STORED DATA =>
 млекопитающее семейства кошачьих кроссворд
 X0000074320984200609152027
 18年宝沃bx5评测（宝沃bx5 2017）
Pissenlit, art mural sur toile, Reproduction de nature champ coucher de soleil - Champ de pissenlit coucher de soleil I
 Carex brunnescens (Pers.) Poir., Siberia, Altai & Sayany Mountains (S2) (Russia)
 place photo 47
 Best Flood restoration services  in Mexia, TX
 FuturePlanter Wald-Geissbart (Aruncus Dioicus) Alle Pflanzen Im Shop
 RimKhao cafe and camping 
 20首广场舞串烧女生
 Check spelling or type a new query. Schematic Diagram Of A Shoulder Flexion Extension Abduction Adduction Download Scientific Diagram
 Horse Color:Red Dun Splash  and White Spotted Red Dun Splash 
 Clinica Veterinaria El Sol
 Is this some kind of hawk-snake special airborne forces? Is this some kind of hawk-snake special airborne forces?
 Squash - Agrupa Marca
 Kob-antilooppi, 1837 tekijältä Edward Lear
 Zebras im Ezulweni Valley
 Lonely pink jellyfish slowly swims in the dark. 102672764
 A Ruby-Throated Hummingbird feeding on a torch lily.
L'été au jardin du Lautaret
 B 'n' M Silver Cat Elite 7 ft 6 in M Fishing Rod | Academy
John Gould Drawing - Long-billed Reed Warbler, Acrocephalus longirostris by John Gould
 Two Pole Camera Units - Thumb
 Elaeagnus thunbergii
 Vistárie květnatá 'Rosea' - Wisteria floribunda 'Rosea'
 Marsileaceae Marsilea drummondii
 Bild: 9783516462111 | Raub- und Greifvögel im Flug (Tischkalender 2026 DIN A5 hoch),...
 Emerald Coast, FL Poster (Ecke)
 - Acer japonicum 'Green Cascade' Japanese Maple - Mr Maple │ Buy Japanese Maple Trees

ACTIVITY =>
Each record above should be restated word for word.

REPLY TO THE TASK =>
 млекопитающее семейства кошачьих кроссворд
 X0000074320984200609152027
 18年宝沃bx5评测（宝沃bx5 2017）
Pissenlit, art mural sur toile, Reproduction de nature champ coucher de soleil - Champ de pissenlit coucher de soleil I
 Carex brunnescens (Pers.) Poir., Siberia, Altai & Sayany Mountains (S2) (Russia)
 place photo 47
 Best Flood restoration services  in Mexia, TX
 FuturePlanter Wald-Geissbart (Aruncus Dioicus) Alle Pflanzen Im Shop
 RimKhao cafe and camping 
 20首广场舞串烧女生
 Check spelling or type a new query. Schematic Diagram Of A Shoulder Flexion Extension Abduction Adduction Download Scientific Diagram
 Horse Color:Red Dun Splash  and White Spotted Red Dun Splash 
 Clinica Veterinaria El Sol
 Is this some kind of hawk-snake special airborne forces? Is this some kind of hawk-snake special airborne forces?
 Squash - Agrupa Marca
 Kob-antilooppi, 1837 tekijältä Edward Lear
 Zebras im Ezulweni Valley
 Lonely pink jellyfish slowly swims in the dark. 102672764
 A Ruby-Throated Hummingbird feeding on a torch lily.
L'été au jardin du Lautaret
 B 'n' M Silver Cat Elite 7 ft 6 in M Fishing Rod | Academy
John Gould Drawing - Long-billed Reed Warbler, Acrocephalus longirostris by John Gould
 Two Pole Camera Units - Thumb
 Elaeagnus thunbergii
 Vistárie květnatá 'Rosea' - Wisteria floribunda 'Rosea'
 Marsileaceae Marsilea drummondii
 Bild: 9783516462111 | Raub- und Greifvögel im Flug (Tischkalender 2026 DIN A5 hoch),...
 Emerald Coast, FL Poster (Ecke)
 - Acer japonicum 'Green Cascade' Japanese Maple - Mr Maple │ Buy Japanese Maple Trees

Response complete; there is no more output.